Work required:
Find the line containing "Poleron Peludo Mujer" in the entries below. Restate it and each line after it, word for word, up to and including the line containing "RTS NO MOQ（In".

Record excerpts:
★ ★ ★ ★

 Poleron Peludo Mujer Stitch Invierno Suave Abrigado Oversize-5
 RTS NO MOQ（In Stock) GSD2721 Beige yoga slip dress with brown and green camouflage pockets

★ ★ ★ ★

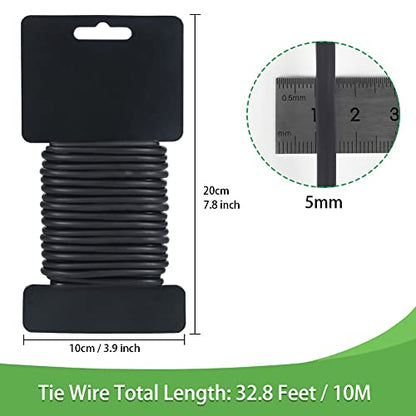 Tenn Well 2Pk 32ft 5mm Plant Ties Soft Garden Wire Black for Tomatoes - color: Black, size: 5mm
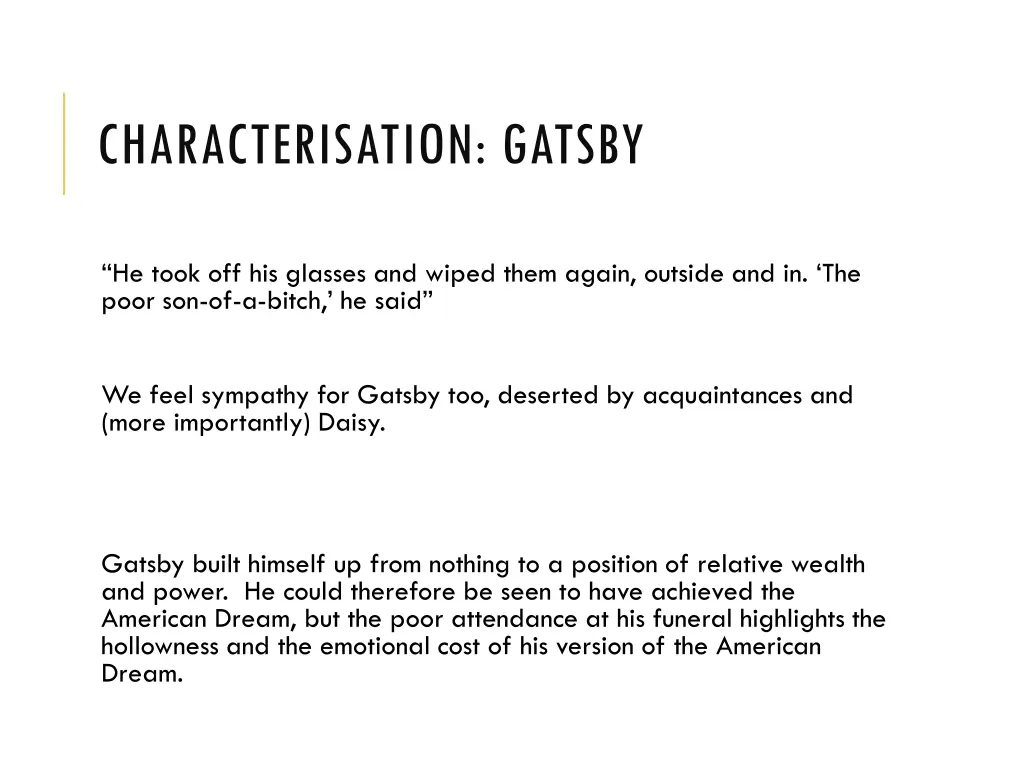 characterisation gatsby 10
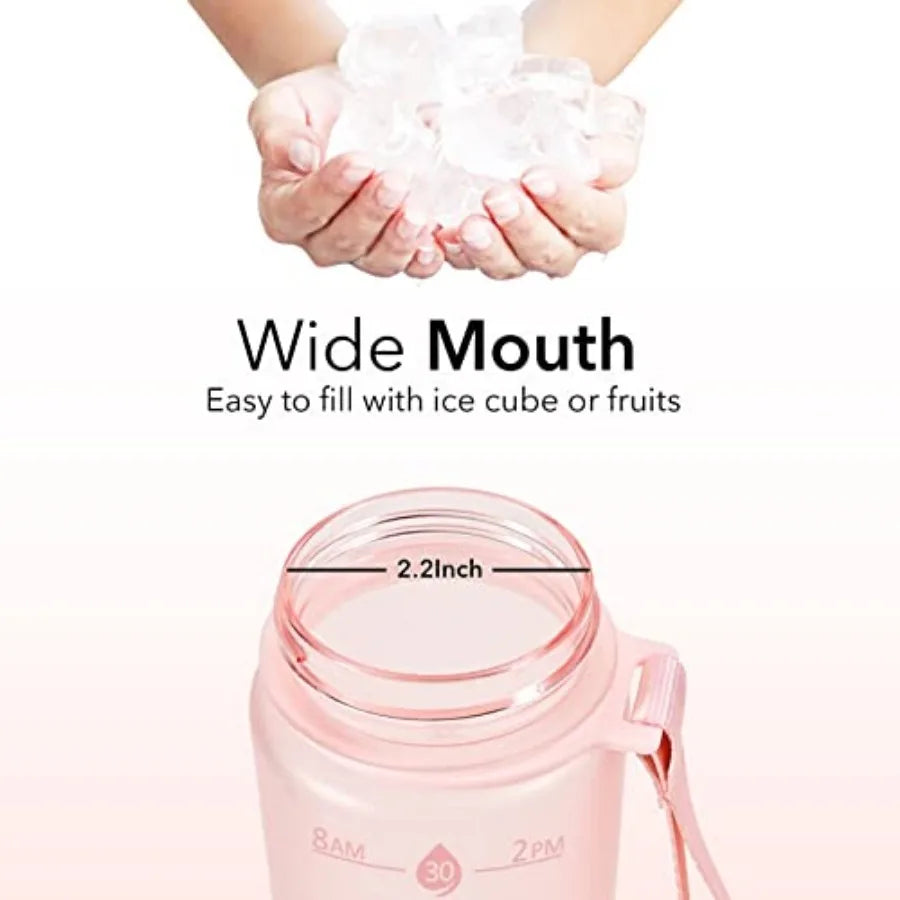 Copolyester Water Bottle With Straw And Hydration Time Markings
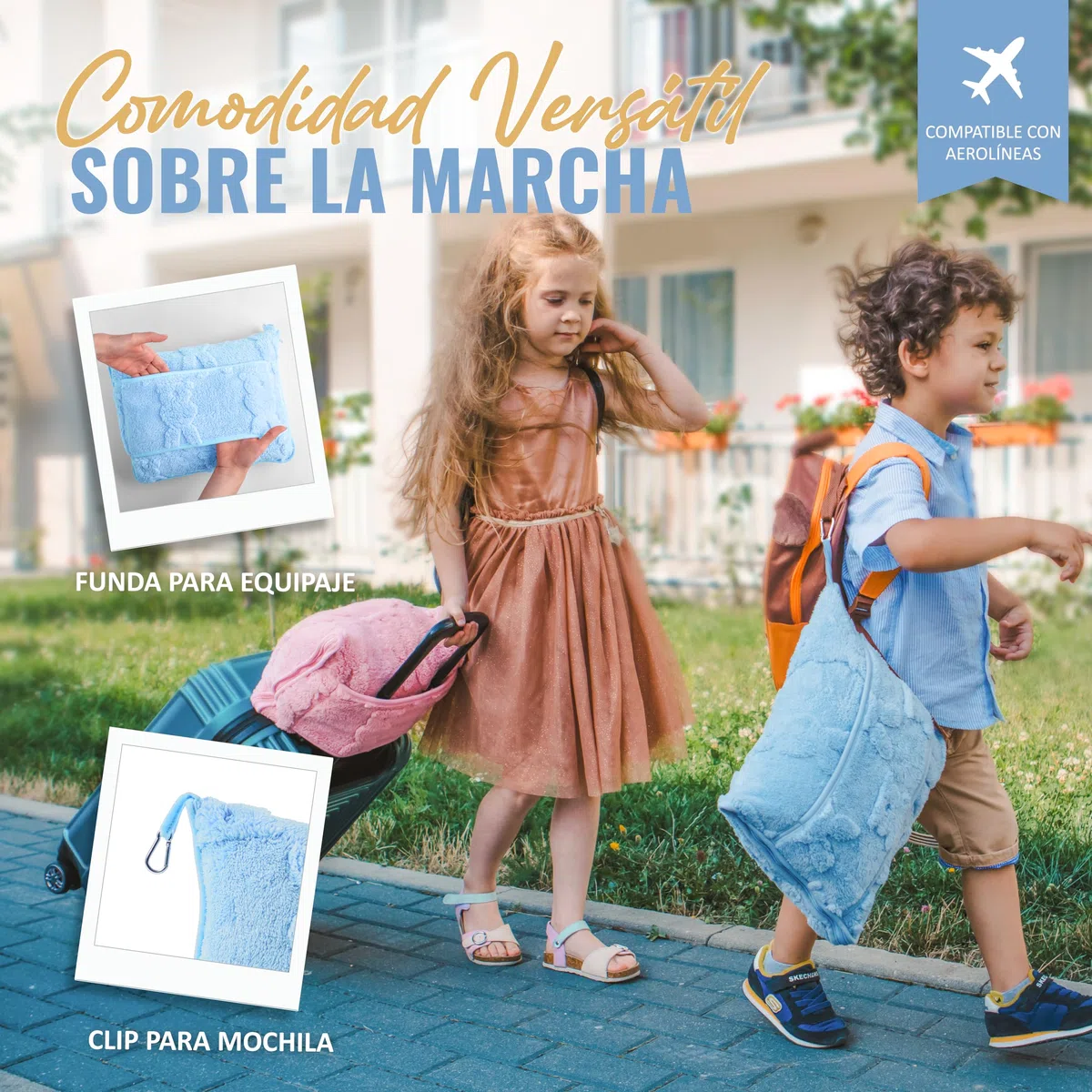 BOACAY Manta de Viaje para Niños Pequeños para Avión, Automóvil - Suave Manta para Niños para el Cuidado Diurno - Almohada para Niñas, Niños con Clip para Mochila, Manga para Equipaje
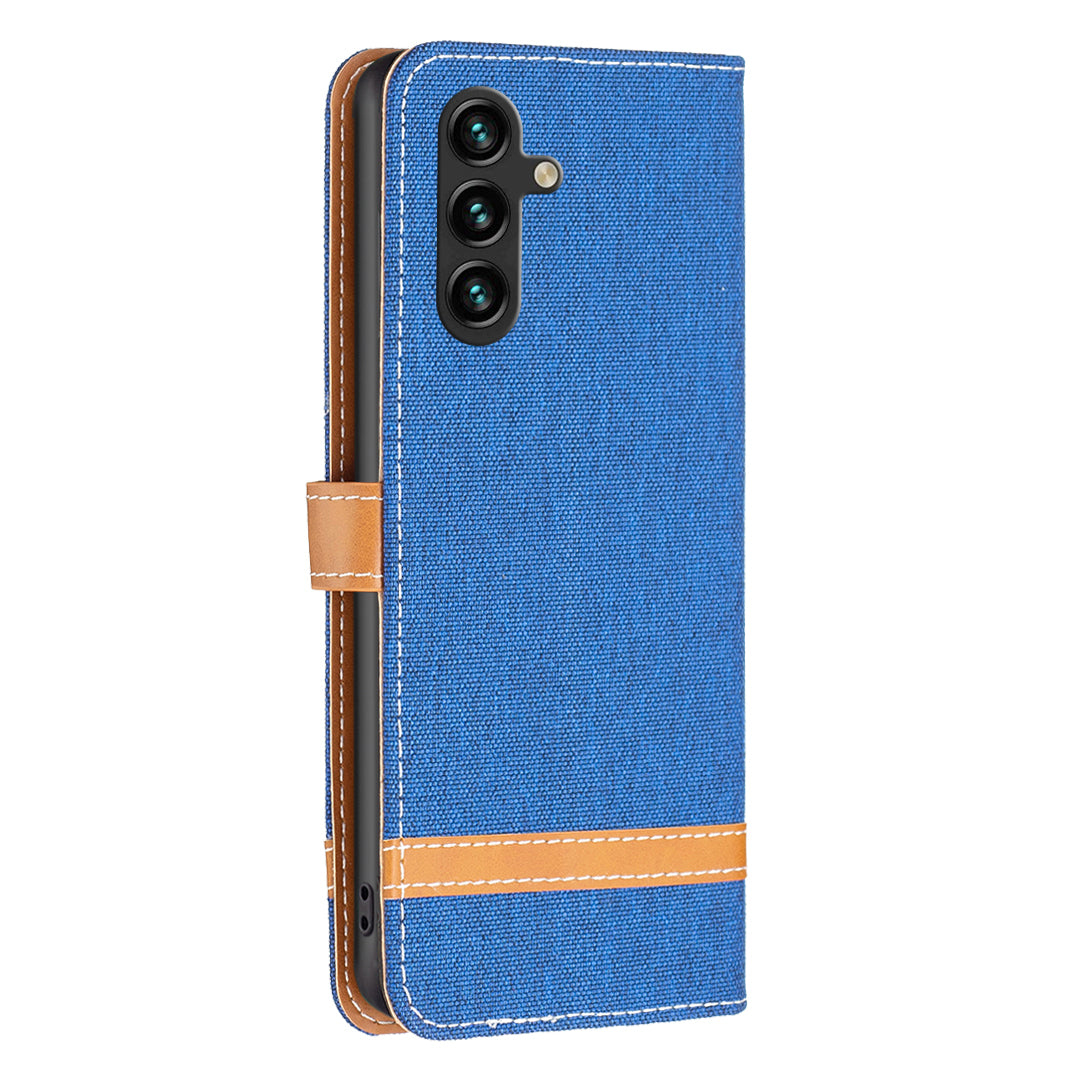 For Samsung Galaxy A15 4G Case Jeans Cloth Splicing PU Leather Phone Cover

★ ★ ★ ★

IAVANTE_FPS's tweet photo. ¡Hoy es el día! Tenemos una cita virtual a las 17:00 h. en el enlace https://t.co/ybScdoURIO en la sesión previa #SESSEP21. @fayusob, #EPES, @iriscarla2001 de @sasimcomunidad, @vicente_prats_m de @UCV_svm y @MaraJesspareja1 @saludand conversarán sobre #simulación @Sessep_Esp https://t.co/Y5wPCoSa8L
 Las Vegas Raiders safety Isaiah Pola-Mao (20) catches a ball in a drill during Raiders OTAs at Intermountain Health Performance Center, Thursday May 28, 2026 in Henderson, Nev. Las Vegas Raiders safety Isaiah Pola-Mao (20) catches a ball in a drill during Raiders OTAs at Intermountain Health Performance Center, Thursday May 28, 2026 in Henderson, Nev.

★ ★ ★ ★

Solution to the problem:
 Poleron Peludo Mujer Stitch Invierno Suave Abrigado Oversize-5
 RTS NO MOQ（In Stock) GSD2721 Beige yoga slip dress with brown and green camouflage pockets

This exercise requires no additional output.